This project implements anomaly detection in credit card transactions using the Isolation Forest algorithm. The dataset used includes transaction details such as year, month, department, division, merchant, and transaction amount.
-
Clone the repository:
git clone https://github.com/your_username/your_repository.git cd CreditCard-Transaction-Anomaly-Detection-Using-IsolationForest
-
Install the required libraries using the environment.yml file using conda:
conda env create -f environment.yml
-
Load the dataset:
Get the dataset from kaggle using https://www.kaggle.com/datasets/ybifoundation/credit-card-transaction Ensure the dataset
CreditCardTransaction.csv
is placed in the appropriate directory or update the file path in the code (pd.read_csv("drive/MyDrive/CreditCardTransaction.csv")
). -
Run the notebooks:
Run the notebooks using the conda environment.
-
Explore the results:
- The code performs exploratory data analysis, preprocessing, applies Isolation Forest for anomaly detection, and visualizes anomalies detected.
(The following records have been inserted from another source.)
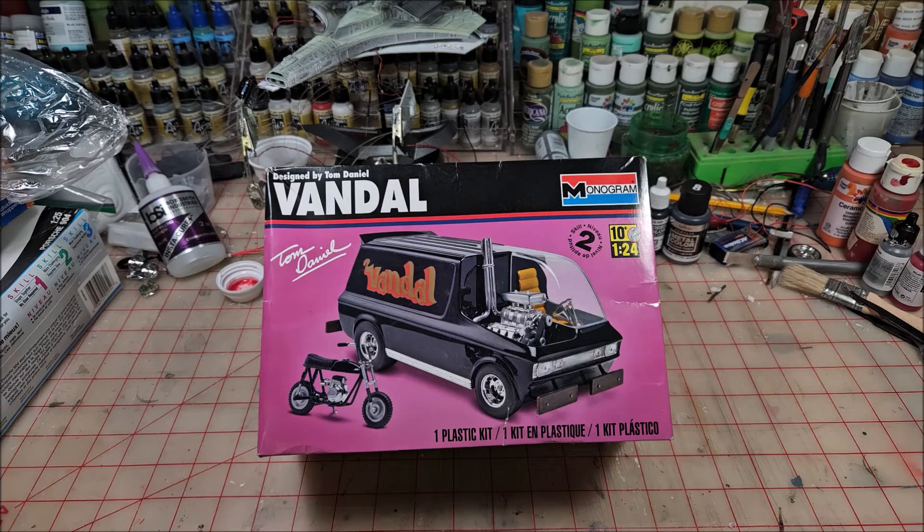You can see the Vandal in front of the camera here — this is what I'm going to build for the cancer awareness group build. I'm going to dedicate this to two people: Mr. Chris Gortel of Classic Plastic 101, and my sister who passed away back around the middle of July. She had neck cancer and breast cancer and a whole slew of other ailments including thyroid issues. The neck cancer is what got to her — if I understand correctly, it was stage four when they found it and was non-stoppable.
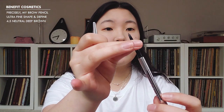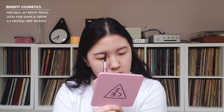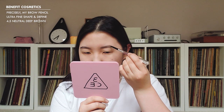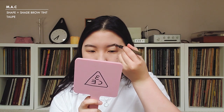I'm going to move on to my eyebrows. As you guys know, eyebrows have always been a struggle for me, but it is what it is. I'm going to first start by lining my brows with the Benefit Precisely My Brow Pencil in color 4.5. After that I like to fill my brows with the MAC Shape and Shade Brow Tint in taupe — one side is powder and the other side is a brush, so I use the powder side to fill in my brows.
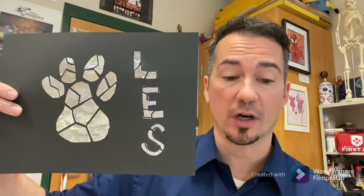Hello students, this is Mr. Belay here. I'm going to show you a time-lapse video of how I created this aluminum foil mosaic artwork.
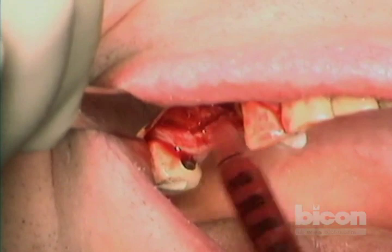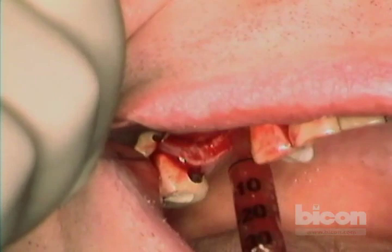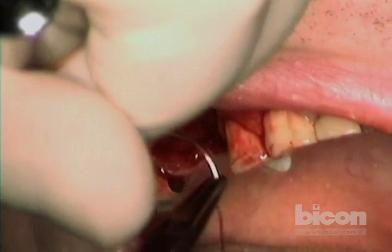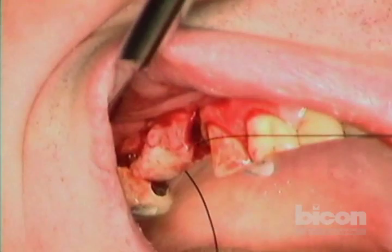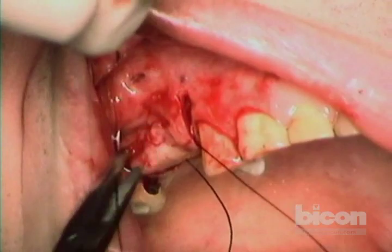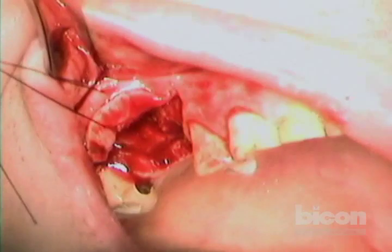We'll collect as much blood as possible and set it aside until we mix it with the Synthograft. When asked how to stop clotting, I don't — I let it clot and then break up the clot into the bone graft. I think this creates a favorable environment to stimulate more inflammatory response in the area, which enhances healing. Because we are filming and talking, we'll have a more congealed clot, so we will add some more blood at the end.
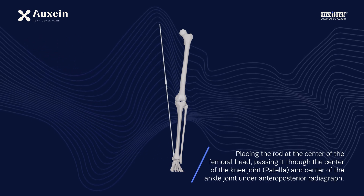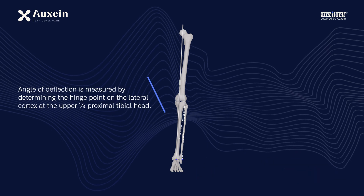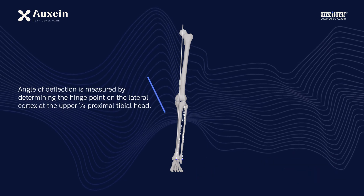Placing the rod at the center of the femoral head, passing it through the center of the knee joint, patella, and center of the ankle joint under anteroposterior radiograph. The angle of deflection is measured by determining the hinge point on the lateral cortex at the upper one-third proximal tibial head.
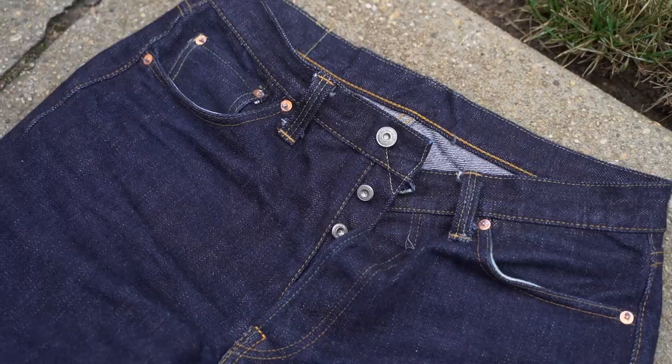Guys, I finally did it. I finally got my first pair of Samurai Japan jeans — some of the best jeans ever made. And they're also the heaviest pair of jeans that I currently own, at 21 ounces. They're just a little bit heavier than the loom state jeans that I have from Leftfield, but they feel completely different.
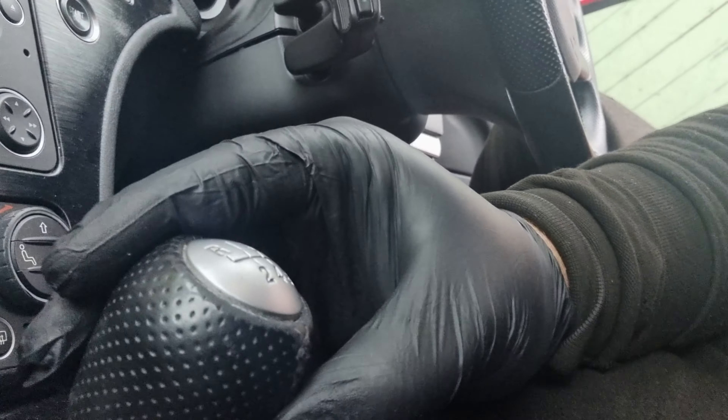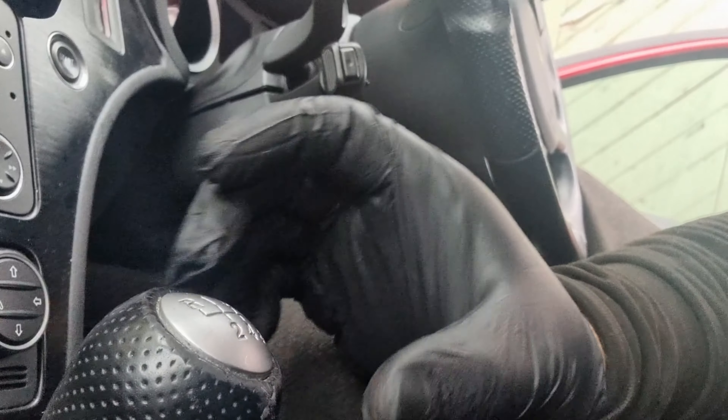Hi there guys, Neil Atitalia Autos here. Welcome back to a quick video on the channel. Today I'm going to be showing you how to fix a wobbly gear knob on an Alfa 159 Obrera. I'm forever getting them in the workshop and the gear knob is loose. It's a simple fix.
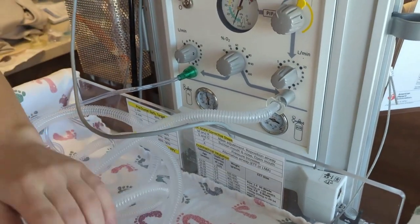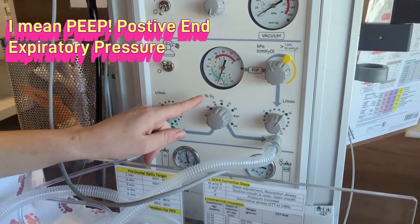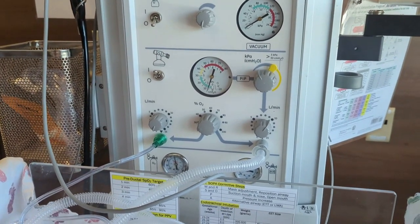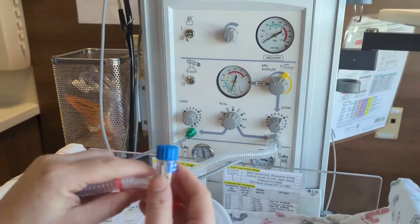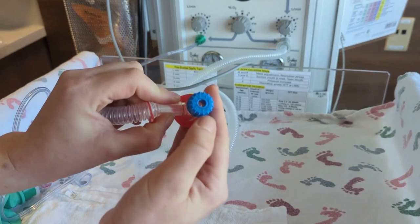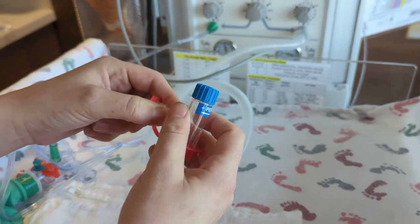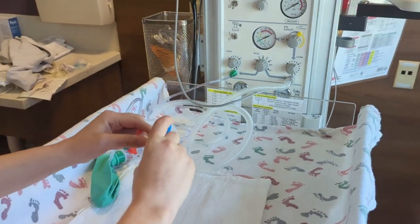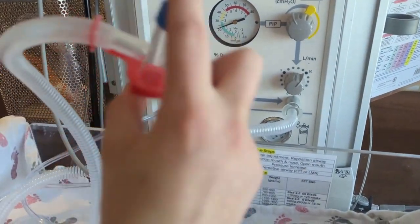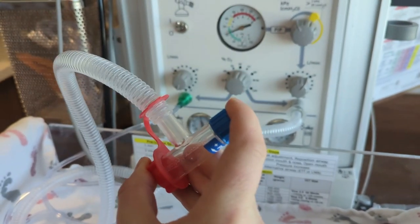What I'm checking for here is my PIP — positive inspiratory pressure. It helps to check this when you're standing at the head of the bed. To adjust our PIP, use this dial here labeled PIP plus or minus. Sometimes this cap is white. We check the PIP by fully occluding the circuit, and we want our PIP to be at about 20.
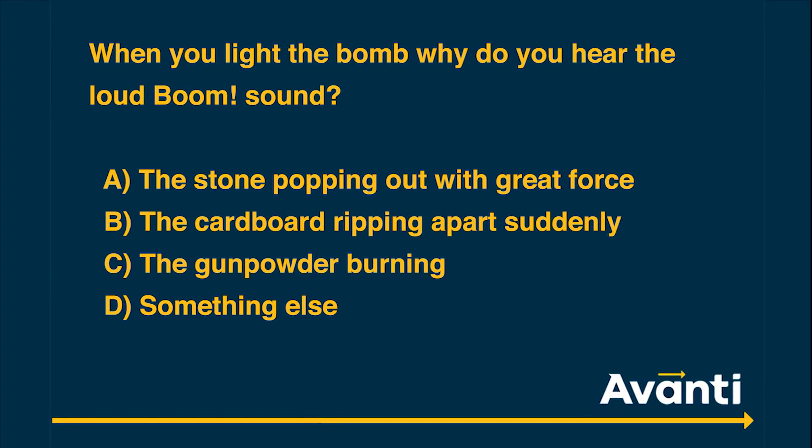So the question now is: what makes the bomb make the boom sound? Obviously lots of things catch on fire, but what causes the boom sound that you hear? We're going to give you four options. The first option is it's the stone coming out with great force. The second option is it's the cardboard that is tearing apart. The third option is that it's the gunpowder catching on fire making that explosive sound. And the fourth option is it's none of these things — it's something else entirely.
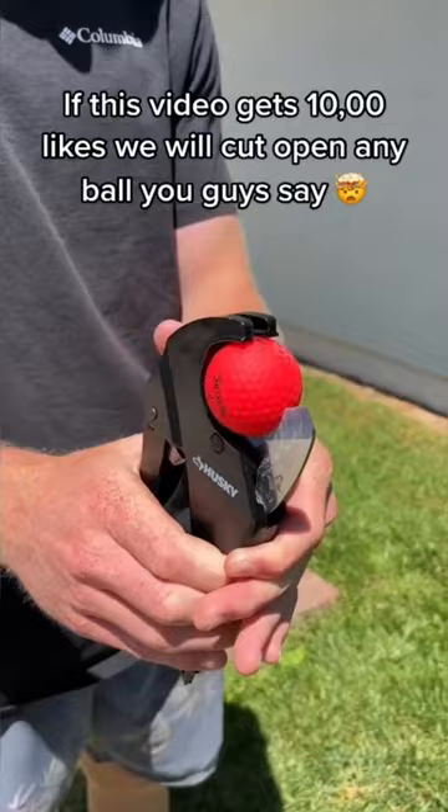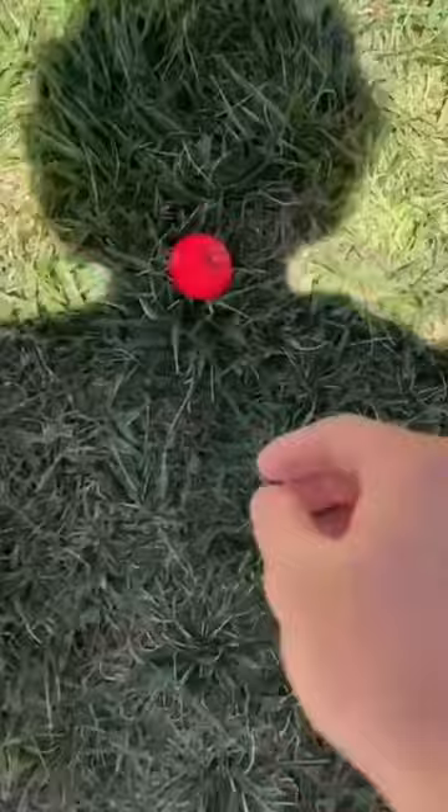This ball had a nice pop, and as you guys can see it has a big white soft core covered by the red. What's actually inside this? Let's find out.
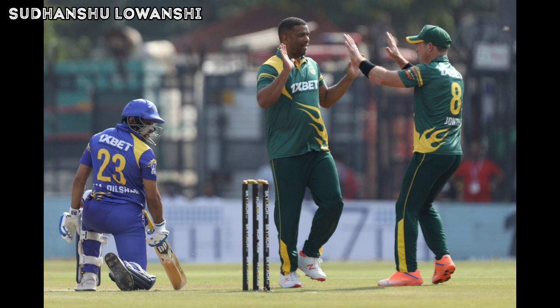Hello everyone and welcome to a new video. In this video we are going to feature the match highlights of match number 10 of the Road Safety World T20 Series 2022, played between Team South Africa Legends and Team Sri Lanka Legends. South Africa Legends have won the toss and are reluctant to field first.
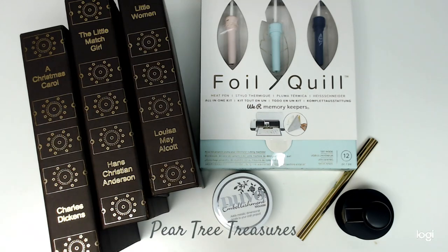Hey everybody! It's Monica from Pear Tree Treasures and this is part two of the Stack It Collab Hop. There are me and eleven other awesome ladies doing four different projects. This is week two and the project for today is I'm going to give a show-and-tell of my book Stack It Collab.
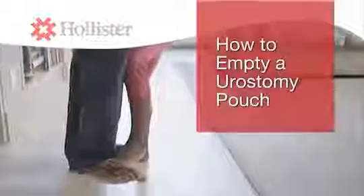A urostomy pouch will have a spout or tap at the bottom. Only urostomy pouches have this feature.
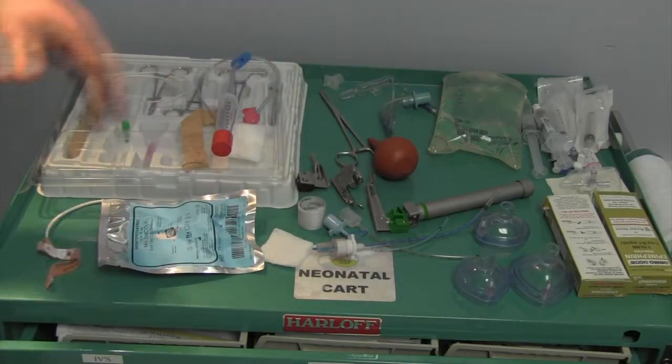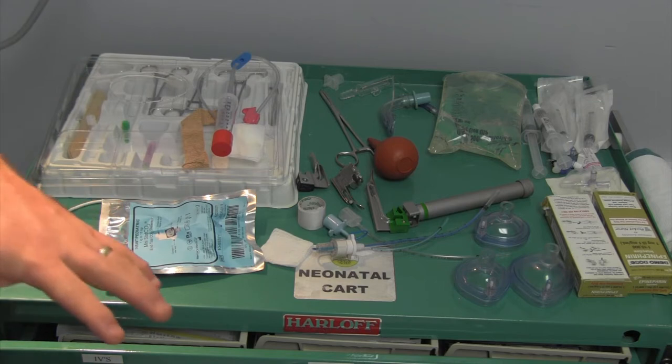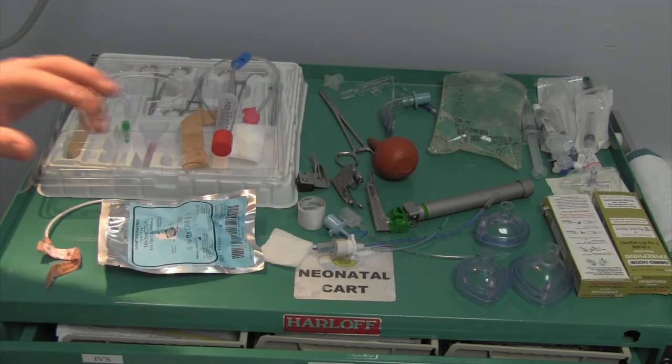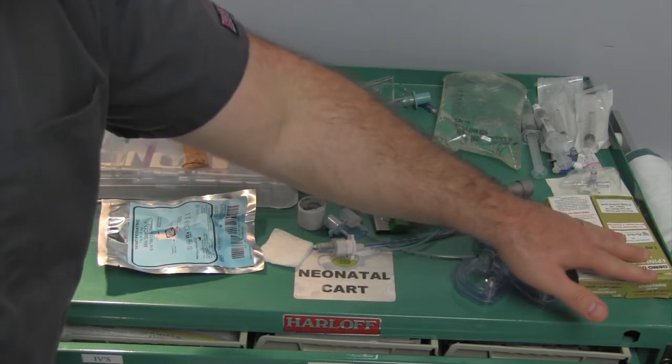I'm back here in the neonatal resuscitation room and I want to give you a quick rundown of what the table looks like - the equipment we have available for an at-risk delivery. So let's get over there and take a look. This is the table we set up for our neonatal resuscitative simulation. I'll go quickly over this and then talk specifically more about some of the respiratory items. So epinephrine over here, one of 10,000 solution.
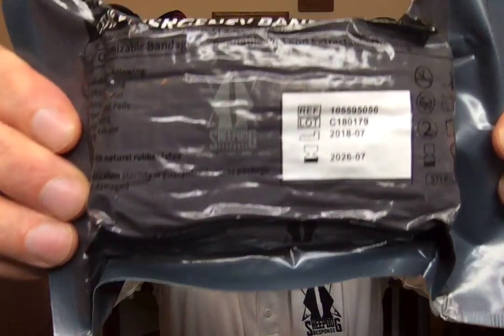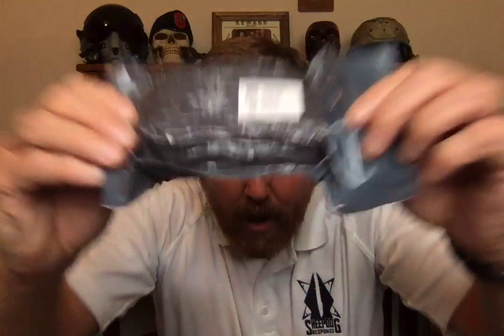It's got the Sheepdog Response logo right there on the bandage, and we are going to be selling this effective immediately at the Sheepdog store. This has all the features of the classic Persis Israeli pressure bandage that we've all come to know, love, and trust. It has the patented pressure bar and the patented closure bar — all the normal features of the Persis Israeli bandage are there. This is battle proven in the Global War on Terror overseas in combat, as well as in many CONUS locations. We know that this design works.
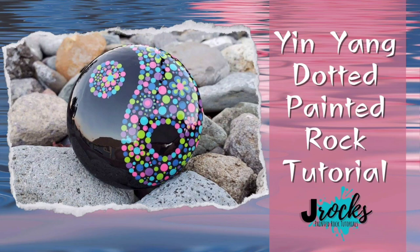Hey everyone! I have a really simple and fun design for you this week and it has all kinds of possibilities depending on what kind of colors you choose for your dots.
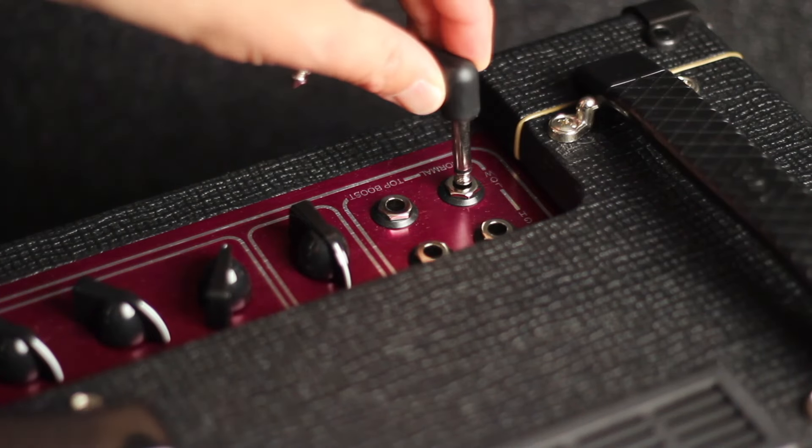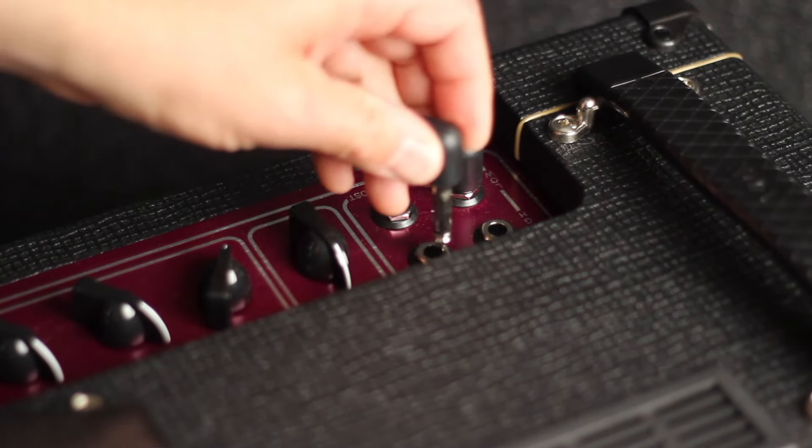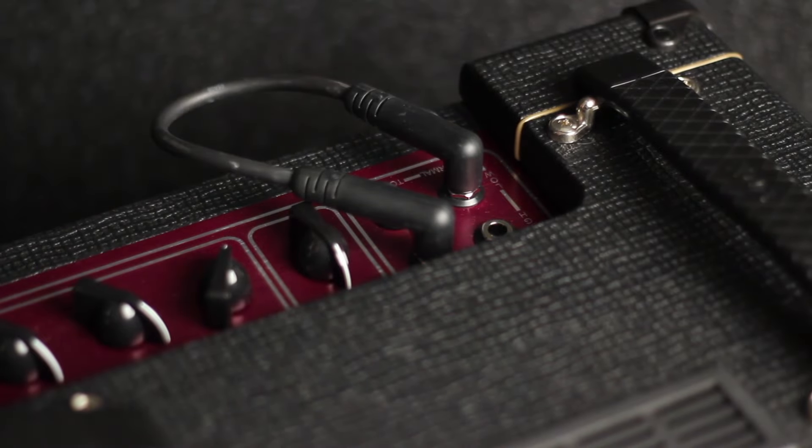I'm going to plug into the top boost channel now to get the edge of breakup sound. One cool feature of these amps is that you can jumper the normal and top boost channels for even more grit.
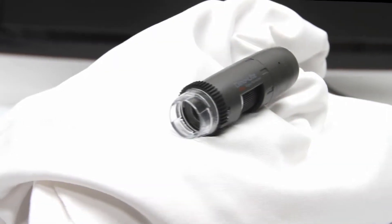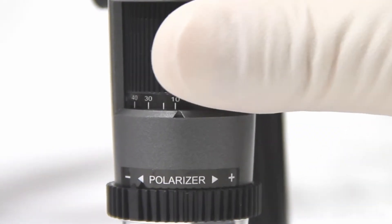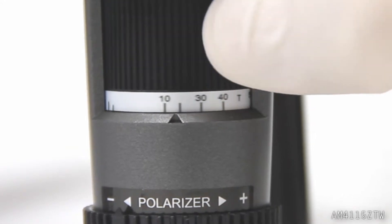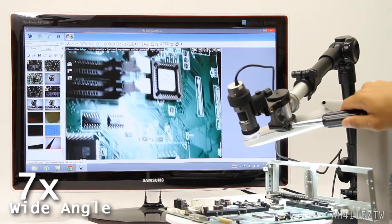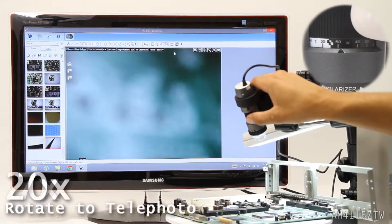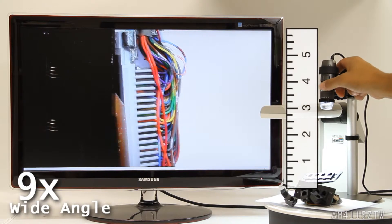Introducing the AM4115ZTW Dynolite Edge handheld digital microscope camera. This model has the Edge series sensor, polarizer, longer working distance, and dual magnification which offers a second optical zoom at most working distances. This allows users to easily and clearly see a wider field, then zoom into focus for more details at a higher magnification without changing the Dynolite height.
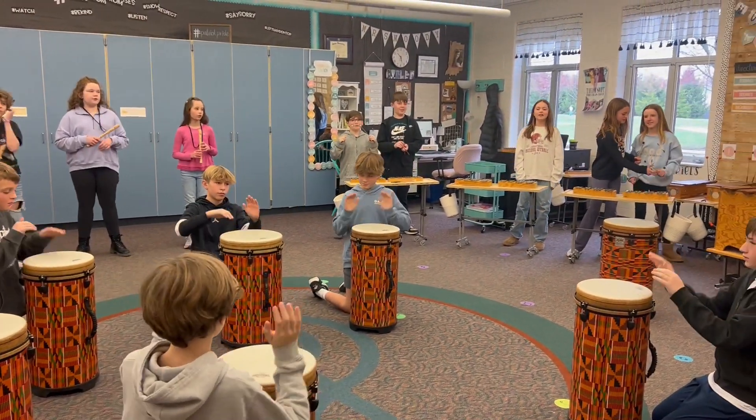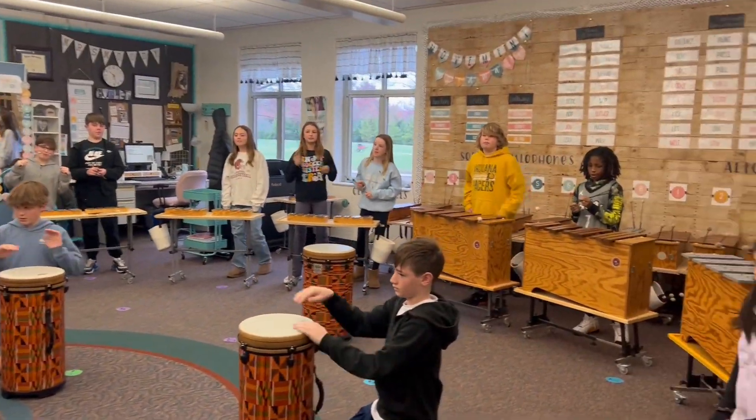One, two, one, two, one. Deedle Deedle Dumpling, my son John.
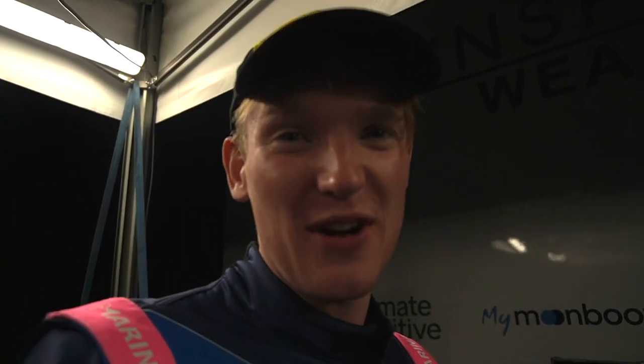Now let's get ready for tomorrow. Anything else? Anything to say? Good night. Bad, bad, bad, bad.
creditcard_transaction_anomaly_detection.ipynb
: Main script that loads processed data, applies Isolation Forest, and visualizes anomalies.data_exploration.ipynb
: notebook that explores the data.data_preprocessing.ipynb
: notebooks that prepares data for training.
-
Data Loading: Loads credit card transaction data from a CSV file.
-
Exploratory Data Analysis: Analyzes data distribution, checks for missing values, and explores relationships between variables.
-
Preprocessing: Handles missing values, encodes categorical variables using LabelEncoder, and normalizes numerical features using z-score method.
-
Isolation Forest: Utilizes Isolation Forest algorithm for unsupervised anomaly detection.
-
Visualization: Uses matplotlib and seaborn for visualizing data distributions, scatter plots, and anomalies detected.
Contributions are welcome. For major changes, please open an issue first to discuss what you would like to change.
This project is licensed under the Apache-2.0 License - see the LICENSE file for details.
- Inspired by tutorials and examples on anomaly detection and Isolation Forest.